Year 1911 1921 1931 1939 1951 1961 1971 2001 2011
Population 39,479 39,841 38,304 34,803 34,384 32,292 31,286 28,998 29,135
Bradley Ward
Council houses in Bradley ward

The United Kingdom Census 2011 showed a total resident population for Nelson of 29,135. The town forms part of the Burnley-Nelson urban area, which has an estimated population of 149,796; for comparison purposes, this is about the same size as Huddersfield or Oxford.

The racial composition of the town in 2011 was 57.8% White (53.6% White British), 40.4% Asian, 0.1% Black, 1.5% Mixed and 0.2% Other. The largest religious groups are Christian (39.0%) and Muslim (37.6%).

59.02% of adults between the ages of 16 and 74 are classed as economically active and in work.


Nelson is served by Junction 13 of the M65 motorway, which runs west to Burnley, Accrington, Blackburn and Preston, and northeast to Colne. From the town centre, the A56 runs southwest to the M65 at Brierfield and northeast to Colne and beyond, while the A682 – Britain's most dangerous road – heads north into the Yorkshire Dales.

In November 1969, a multi-storey car park with space for 350 cars was opened in Nelson.

In December 2008, the town's new bus and rail interchange was opened at a site which used the existing railway station. The new interchange facility cost £4.5 million and included enhancements such as cycle stands, taxi and car drop off facilities, electronic information displays, a direct link to the railway station including a passenger lift and an enclosed passenger concourse with 10 bus stands.
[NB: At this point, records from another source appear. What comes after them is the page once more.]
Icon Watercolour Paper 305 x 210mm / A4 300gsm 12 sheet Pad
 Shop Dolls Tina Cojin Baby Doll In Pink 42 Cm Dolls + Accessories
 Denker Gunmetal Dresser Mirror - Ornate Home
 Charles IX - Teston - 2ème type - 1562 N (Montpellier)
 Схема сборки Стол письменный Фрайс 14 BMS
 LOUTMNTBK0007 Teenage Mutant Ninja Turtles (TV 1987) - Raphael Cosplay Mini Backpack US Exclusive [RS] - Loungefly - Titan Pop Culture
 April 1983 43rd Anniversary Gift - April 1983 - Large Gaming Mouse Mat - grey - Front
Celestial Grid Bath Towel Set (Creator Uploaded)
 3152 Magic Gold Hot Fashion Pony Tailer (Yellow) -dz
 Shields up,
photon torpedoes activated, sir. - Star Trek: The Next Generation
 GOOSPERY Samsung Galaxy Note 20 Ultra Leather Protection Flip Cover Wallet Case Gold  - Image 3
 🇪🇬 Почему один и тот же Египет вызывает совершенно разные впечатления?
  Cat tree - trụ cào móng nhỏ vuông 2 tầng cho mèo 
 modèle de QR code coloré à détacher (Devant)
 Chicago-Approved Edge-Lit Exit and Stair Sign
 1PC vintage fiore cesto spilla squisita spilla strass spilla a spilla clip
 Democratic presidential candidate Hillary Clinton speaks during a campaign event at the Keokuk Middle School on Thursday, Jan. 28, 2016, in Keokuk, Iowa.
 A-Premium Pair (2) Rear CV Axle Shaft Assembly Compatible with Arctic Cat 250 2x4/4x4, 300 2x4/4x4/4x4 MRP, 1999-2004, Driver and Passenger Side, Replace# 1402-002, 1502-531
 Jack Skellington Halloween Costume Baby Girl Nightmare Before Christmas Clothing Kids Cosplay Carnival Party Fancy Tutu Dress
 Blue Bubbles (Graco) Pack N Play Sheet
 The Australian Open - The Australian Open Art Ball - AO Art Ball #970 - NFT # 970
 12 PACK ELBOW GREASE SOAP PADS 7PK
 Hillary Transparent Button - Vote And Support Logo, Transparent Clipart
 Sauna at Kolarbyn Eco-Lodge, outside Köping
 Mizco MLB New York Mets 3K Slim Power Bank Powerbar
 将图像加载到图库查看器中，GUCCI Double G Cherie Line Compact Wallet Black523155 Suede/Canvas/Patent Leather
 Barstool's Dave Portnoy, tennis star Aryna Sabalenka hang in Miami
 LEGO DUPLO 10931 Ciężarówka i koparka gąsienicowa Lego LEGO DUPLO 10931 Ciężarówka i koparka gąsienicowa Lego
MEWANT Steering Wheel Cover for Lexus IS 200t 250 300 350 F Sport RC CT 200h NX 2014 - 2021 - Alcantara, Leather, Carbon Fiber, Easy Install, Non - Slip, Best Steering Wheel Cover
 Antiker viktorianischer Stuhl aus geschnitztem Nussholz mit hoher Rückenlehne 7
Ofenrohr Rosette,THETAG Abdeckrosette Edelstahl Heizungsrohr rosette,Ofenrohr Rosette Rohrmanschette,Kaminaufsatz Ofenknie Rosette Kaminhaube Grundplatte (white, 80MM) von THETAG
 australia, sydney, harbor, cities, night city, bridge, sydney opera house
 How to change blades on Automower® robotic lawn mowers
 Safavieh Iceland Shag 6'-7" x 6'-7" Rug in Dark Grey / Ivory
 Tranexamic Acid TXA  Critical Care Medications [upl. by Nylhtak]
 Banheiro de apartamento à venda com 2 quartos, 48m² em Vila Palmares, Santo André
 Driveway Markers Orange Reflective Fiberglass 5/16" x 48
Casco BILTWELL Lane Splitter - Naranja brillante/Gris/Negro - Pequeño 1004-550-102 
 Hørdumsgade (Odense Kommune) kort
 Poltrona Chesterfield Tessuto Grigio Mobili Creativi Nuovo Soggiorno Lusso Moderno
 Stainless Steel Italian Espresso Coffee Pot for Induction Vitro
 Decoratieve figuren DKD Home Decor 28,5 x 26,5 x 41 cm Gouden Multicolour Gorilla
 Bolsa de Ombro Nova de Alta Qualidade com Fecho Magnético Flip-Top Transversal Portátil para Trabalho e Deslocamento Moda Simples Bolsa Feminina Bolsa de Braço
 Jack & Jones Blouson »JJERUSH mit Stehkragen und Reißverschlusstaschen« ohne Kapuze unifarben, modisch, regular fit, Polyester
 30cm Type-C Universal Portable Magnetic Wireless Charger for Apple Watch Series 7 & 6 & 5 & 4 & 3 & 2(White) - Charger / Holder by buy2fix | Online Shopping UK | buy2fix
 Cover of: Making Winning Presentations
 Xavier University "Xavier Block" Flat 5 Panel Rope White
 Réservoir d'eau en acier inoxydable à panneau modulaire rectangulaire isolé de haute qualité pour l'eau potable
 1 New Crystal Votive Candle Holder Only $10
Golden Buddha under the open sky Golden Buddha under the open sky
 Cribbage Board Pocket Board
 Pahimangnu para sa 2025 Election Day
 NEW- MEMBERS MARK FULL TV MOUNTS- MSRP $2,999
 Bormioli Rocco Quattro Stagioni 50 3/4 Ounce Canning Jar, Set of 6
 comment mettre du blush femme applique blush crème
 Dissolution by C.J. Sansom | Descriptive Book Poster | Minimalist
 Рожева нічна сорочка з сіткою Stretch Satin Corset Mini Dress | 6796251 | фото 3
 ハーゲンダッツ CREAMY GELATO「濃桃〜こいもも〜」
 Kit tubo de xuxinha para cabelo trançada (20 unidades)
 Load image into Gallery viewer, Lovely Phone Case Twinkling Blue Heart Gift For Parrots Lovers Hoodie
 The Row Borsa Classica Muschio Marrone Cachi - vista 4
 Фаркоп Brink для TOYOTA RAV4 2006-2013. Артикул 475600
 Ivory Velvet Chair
Rail services to and from Nelson are provided by Northern. The Interchange has an hourly stopping service west to Blackpool South via Blackburn and Preston, and east to Colne.

The main bus operator in Nelson is Transdev, Burnley & Pendle, although Tyrer Bus operate some services. National Express operates one coach service to London Victoria Coach Station each day from the Interchange. The town has good bus links into Burnley and then on to Manchester, compensating for the lack of a frequent rail link: X43 Witch Way service (operated by Transdev, Burnley & Pendle) runs from Skipton via Colne, M65, Burnley and Rawtenstall to Manchester city centre, using a fleet of specially-branded double-decker buses with leather seats and WiFi.


The town is home to several parks the most notable of which are Victoria Park and Marsden Park. The recently opened Arts, Culture and Enterprise Centre (The ACE Centre) [1] provides the residents with a new multi-purpose venue and incorporates a cinema, theatre and bistro. The Heritage Trust for the North West have numerous campaigns and projects in the area. One of which has seen the restoration and conservation of a whole street of Victorian workers housing, a former primary school and cotton mill, as it was feared that the Industrial Heritage of the town was at risk. St Mary's Church is also another major project in the town, which is planned to open as an exhibition centre in Summer 2012.